From what my limited research could find, is that the more immunity you have, the worse the side effects.


So a booster shot would make me feel even worse. I wasn’t gonna take a booster anyway. My heart hurt like hell after both shots. Both times exactly after the same amount of days.


Yeah my heart hurt as well, and it's associated with heart inflammation especially in men and athletic people. I really really don't want to take the booster shot since it's only 100% negative for me with no benefit whatsoever, and an extremely far fetched and vague benefit for society/someone else.


I didn't get sick from Biontech/Pfizer at all. I was a bit sleepy for a day, that was the whole extend of it.


Truth is, we have no idea about long term consequences from these novel vaccines yet, it's a pretty crazy experiment really.


The actual truth is "long term consequences" from a vaccine, besides immunity are just not a thing.

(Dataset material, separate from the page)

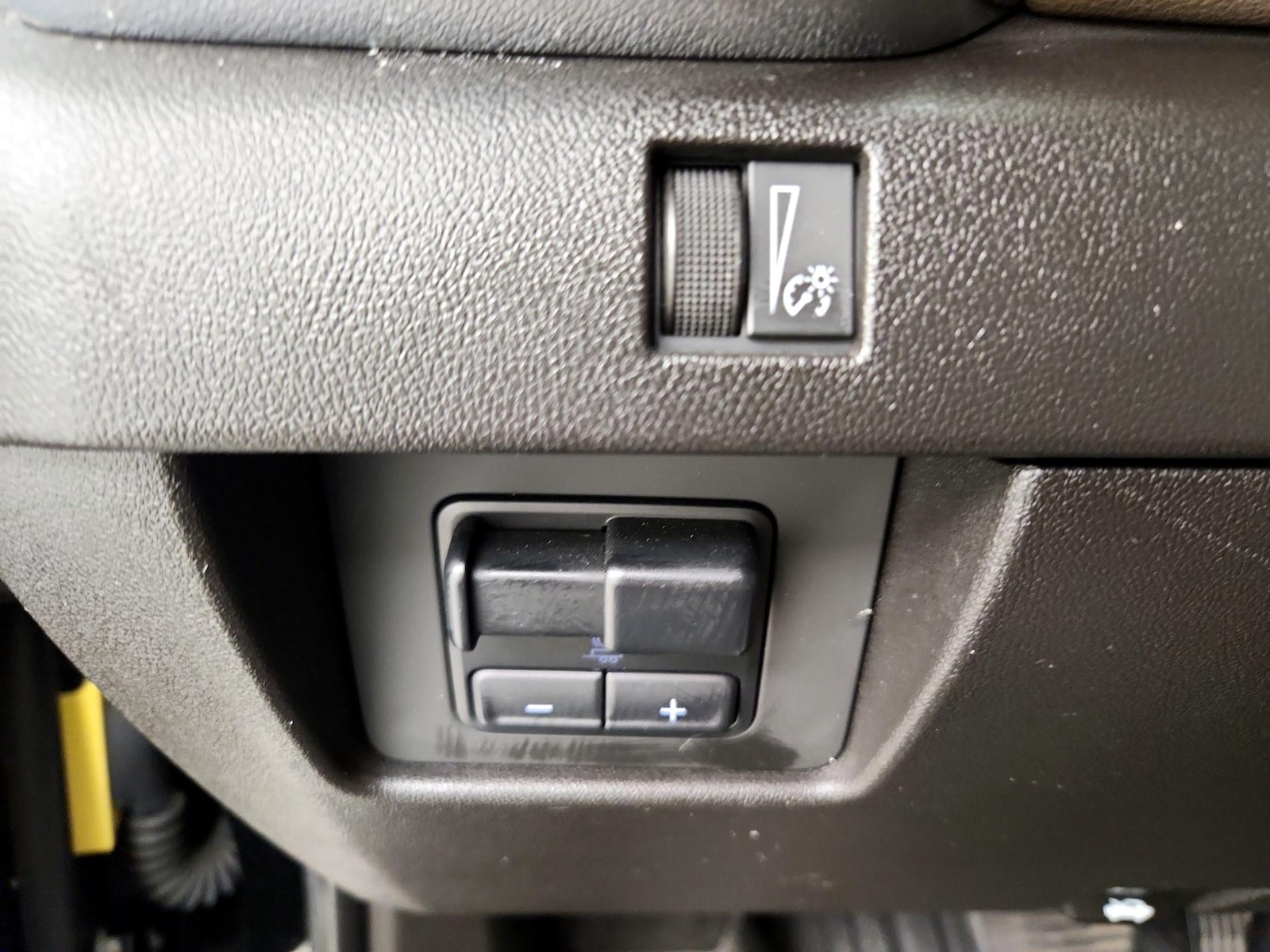 2023 GMC Canyon Denali - Photo 14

I bet you can't name one vaccine that has had a "long term consequence" that has emerged more than a few months after the vaccine was administered. It just doesn't happen.

Its a bit like saying I've just developed an upset stomach, from that dodgy curry I ate last year.


Ok, find some significant published studies that tracked side effects (like headache or arm ache) of BNT162b2 over time (not just the typical "there was XYZ in first 7 days, and we don't care further") since the first dose. And tell me what % of people still reported the new onset symptoms still present say 3 months later. I'll wait. :)

Or are you just sharing an opinion?


That's easy. Pandemrix caused brain damage in teenagers and it took five years+lawsuits for the authorities to finally admit it and pay compensation. Obviously, nothing was learned. That was for swine flu which was also subject to a mass hysteria at the time.

Imagine the horrific consequences if Pandemrix had been mandated!


I am aware of Pandemrix, but do you know that the likelyhood of getting narcolepsy was much higher when contracting the swine flue than from getting vaccinated? Of course it was not mandated, as the swine flu didn't become that large as initially feared. But if it had, the number of cases would have been orders of magnitude larger than those caused by the vaccine, as they were based on the same effect. And yes, a completely new flu is something to be afraid of, it can have very high death tolls.


I just read up on Pandemrix, thanks for the info.

However, this does prove my point: The people who developed narcolepsy after this vaccine started showing symptoms one to two months after their vaccine.


You really believe that?

Then why are the hospitals filling up with vaccinated people?

How about developing cancer from whatever?


Yeah and becoming really sick from taking the vaccine is not really a positive sign in any way.


Depends how you define "sick". The purpose of a vaccine is to create an immune reaction. That can be unpleaseant for a short time, but does not qualify as being "sick" in the deeper sense. Especially it doesn't compare to the effects a Covid-19 infection has, up to long suffering or death.